*** Opening Task data ***

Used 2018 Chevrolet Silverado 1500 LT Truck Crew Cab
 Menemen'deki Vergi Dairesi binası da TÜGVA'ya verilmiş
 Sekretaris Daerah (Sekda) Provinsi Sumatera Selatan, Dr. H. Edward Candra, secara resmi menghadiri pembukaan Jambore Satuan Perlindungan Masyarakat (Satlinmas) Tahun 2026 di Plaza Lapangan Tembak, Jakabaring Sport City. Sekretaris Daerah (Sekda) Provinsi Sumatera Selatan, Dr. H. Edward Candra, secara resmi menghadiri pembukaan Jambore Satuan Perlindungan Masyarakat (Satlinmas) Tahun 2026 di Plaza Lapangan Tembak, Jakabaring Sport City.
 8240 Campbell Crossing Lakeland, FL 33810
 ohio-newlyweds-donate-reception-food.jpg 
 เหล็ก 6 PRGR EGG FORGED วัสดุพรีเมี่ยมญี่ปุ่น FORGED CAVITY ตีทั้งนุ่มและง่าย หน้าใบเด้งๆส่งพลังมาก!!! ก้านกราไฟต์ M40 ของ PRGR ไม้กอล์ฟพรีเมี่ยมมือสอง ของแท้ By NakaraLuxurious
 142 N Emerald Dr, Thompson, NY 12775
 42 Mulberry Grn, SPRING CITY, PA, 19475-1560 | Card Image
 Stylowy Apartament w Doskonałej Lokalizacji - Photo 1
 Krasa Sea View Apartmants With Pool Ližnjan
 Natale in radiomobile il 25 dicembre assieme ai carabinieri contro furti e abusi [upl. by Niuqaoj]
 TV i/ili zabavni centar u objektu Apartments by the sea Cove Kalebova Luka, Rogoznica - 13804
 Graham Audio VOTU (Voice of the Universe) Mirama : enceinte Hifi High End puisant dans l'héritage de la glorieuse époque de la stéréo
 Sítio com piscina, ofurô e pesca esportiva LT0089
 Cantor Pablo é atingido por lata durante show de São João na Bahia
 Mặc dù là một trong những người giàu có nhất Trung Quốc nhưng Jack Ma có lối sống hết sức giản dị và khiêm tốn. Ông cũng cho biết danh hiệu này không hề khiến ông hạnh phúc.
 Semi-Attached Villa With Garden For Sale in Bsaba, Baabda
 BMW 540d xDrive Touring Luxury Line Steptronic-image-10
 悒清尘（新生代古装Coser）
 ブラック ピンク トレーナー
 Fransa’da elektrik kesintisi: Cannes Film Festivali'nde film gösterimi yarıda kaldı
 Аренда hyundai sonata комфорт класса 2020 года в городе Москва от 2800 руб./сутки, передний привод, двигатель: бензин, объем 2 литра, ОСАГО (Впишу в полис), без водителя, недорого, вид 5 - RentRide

*** Closing Task data ***

● What is expected:
Line by line, retype all the entries exactly as they are shown.

● Response to the task:
Used 2018 Chevrolet Silverado 1500 LT Truck Crew Cab
 Menemen'deki Vergi Dairesi binası da TÜGVA'ya verilmiş
 Sekretaris Daerah (Sekda) Provinsi Sumatera Selatan, Dr. H. Edward Candra, secara resmi menghadiri pembukaan Jambore Satuan Perlindungan Masyarakat (Satlinmas) Tahun 2026 di Plaza Lapangan Tembak, Jakabaring Sport City. Sekretaris Daerah (Sekda) Provinsi Sumatera Selatan, Dr. H. Edward Candra, secara resmi menghadiri pembukaan Jambore Satuan Perlindungan Masyarakat (Satlinmas) Tahun 2026 di Plaza Lapangan Tembak, Jakabaring Sport City.
 8240 Campbell Crossing Lakeland, FL 33810
 ohio-newlyweds-donate-reception-food.jpg 
 เหล็ก 6 PRGR EGG FORGED วัสดุพรีเมี่ยมญี่ปุ่น FORGED CAVITY ตีทั้งนุ่มและง่าย หน้าใบเด้งๆส่งพลังมาก!!! ก้านกราไฟต์ M40 ของ PRGR ไม้กอล์ฟพรีเมี่ยมมือสอง ของแท้ By NakaraLuxurious
 142 N Emerald Dr, Thompson, NY 12775
 42 Mulberry Grn, SPRING CITY, PA, 19475-1560 | Card Image
 Stylowy Apartament w Doskonałej Lokalizacji - Photo 1
 Krasa Sea View Apartmants With Pool Ližnjan
 Natale in radiomobile il 25 dicembre assieme ai carabinieri contro furti e abusi [upl. by Niuqaoj]
 TV i/ili zabavni centar u objektu Apartments by the sea Cove Kalebova Luka, Rogoznica - 13804
 Graham Audio VOTU (Voice of the Universe) Mirama : enceinte Hifi High End puisant dans l'héritage de la glorieuse époque de la stéréo
 Sítio com piscina, ofurô e pesca esportiva LT0089
 Cantor Pablo é atingido por lata durante show de São João na Bahia
 Mặc dù là một trong những người giàu có nhất Trung Quốc nhưng Jack Ma có lối sống hết sức giản dị và khiêm tốn. Ông cũng cho biết danh hiệu này không hề khiến ông hạnh phúc.
 Semi-Attached Villa With Garden For Sale in Bsaba, Baabda
 BMW 540d xDrive Touring Luxury Line Steptronic-image-10
 悒清尘（新生代古装Coser）
 ブラック ピンク トレーナー
 Fransa’da elektrik kesintisi: Cannes Film Festivali'nde film gösterimi yarıda kaldı
 Аренда hyundai sonata комфорт класса 2020 года в городе Москва от 2800 руб./сутки, передний привод, двигатель: бензин, объем 2 литра, ОСАГО (Впишу в полис), без водителя, недорого, вид 5 - RentRide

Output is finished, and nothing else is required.